Burgess’s disturbing vision of a dystopian future is told from the viewpoint of a young ‘droog’ Alex. Admittedly, I found Alex’s Nadsat lingo a little getting used to at first but was glad I pursued with the book. Not only does reading unusual narrative challenge the reader, but also casts a different light upon subsequent books.
Book on a Dystopian Future
The story opens with a typical day of Alex and his droog friends, Dim, Georgie and Pete, causing mayhem in the neighborhood via wanton violence, rape and theft. Civilization would appear to be at an end, and the easy targets of his senior citizens mourn the past, when things seemed ‘better.’ One of the reasons for reading this book was to get to the bottom of what A Clockwork Orange meant. It seemed the most disparate pairing of words, as to be surreal. I have never watched the film.
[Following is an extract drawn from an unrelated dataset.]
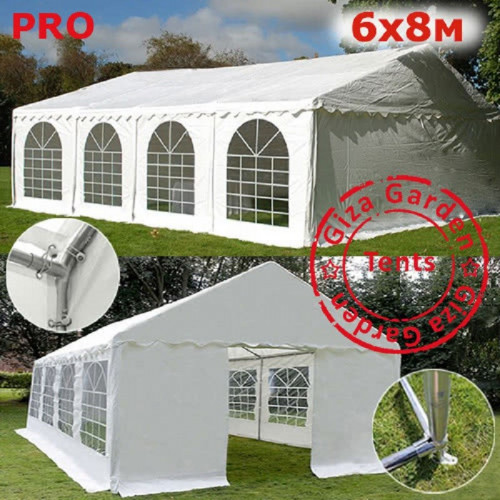 Шатер Giza Garden Pro 6 х 8 м в Красноярске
An unfortunate writer finds himself in the destructive path of Alex, of which one of his books was entitled ‘A Clockwork Orange’. But it is only nearer the end of Burgess's tale that we find out the significance of this book. For now, Alex gleefully rips up this poor man’s manuscript to express the value he puts on such objet d'art. The man is distraught and his life is in similar tatters.
Books Similar to Orwell's 1984
After causing the death of an old woman, Alex finds himself the attention of the ‘millicent’ police, who incarcerate him in the Staja, state prison, where he languishes for a number of years. But unrepentant Alex is not to be broken. And here lies the crux of the book, for it is all about mind control, reminiscent of George Orwell’s book 1984. The needs of the many are balanced against the needs of the individual when it came to the state’s concern of subjugating crime beneath the system. And at this point, I began to wonder if Burgess had chosen this Nadsat slang to signify he had based the book on Stalin’s communist totalitarianism of the early 20th century.
Alex’s language would appear to be a fusion of English, Russian and other tags of the author’s invention. ‘Horrorshow’ means ‘well’ or ‘good.’ And moloko means milk. As I got into the book, I found myself referring to the glossary less and less; as I could ‘viddy’ (see) the meaning of sentences quite easily.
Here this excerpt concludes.